Innovation that makes a lasting impression.
Back in 1985, Coca-Cola introduced ‘New Coke,’ the company’s response to dwindling sales of its flagship product. Originally designed to be a better tasting product, ‘New Coke’ veered too much from the flavor profile that customers had come to know and love for decades. The novelty of trying it came and went, consumers rejected it and sales plummeted. Within a few months, store shelves were once again stocked with the original formula, now dubbed ‘Coca-Cola Classic.’ Considered a marketing blunder by some, others have said it was a stroke of genius because it ignited sales of the old favorite.

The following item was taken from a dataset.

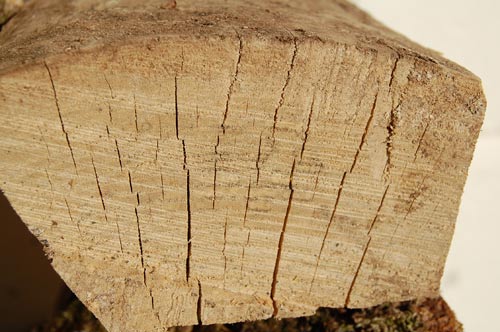 cracks in the endgrain of a seasoned log of firewood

Fast forward roughly 40 years and we see Coca-Cola once again being insurgent. Earlier this year the company debuted its Creations Series to attract younger consumers into the Coke franchise. Once again, the company had been experiencing sales declines for its core soda business, as consumption has shifted toward alternative beverage choices like iced tea products and more recently, flavored and energy waters. Coke recognized it needed to restore its mothership brand with a forward-thinking strategy. What they unleashed with the Creations Series is a digitally enabled innovation platform built around a 6-month long cascade of mystery, flavor and virtual experiences that has successfully engaged younger consumers with the brand. Experiential and incredibly unique, Coke hit pay-dirt with this campaign – driving sales and creating a lasting impression with these young consumers that ‘Coke is cool.’
Innovation for the good.
Out of necessity for gaining consumer and retailer attention, smaller brands often introduce more innovative products than do big brands. Conversely, big CPG brands tend to play it a bit safer on the innovation front, despite having the research budgets to develop and muscle to successfully launch such products on a grand scale. The best of both worlds came into being with the introduction of Inclusive, by Degree – an innovative new deodorant product for people with disabilities recently launched by Unilever.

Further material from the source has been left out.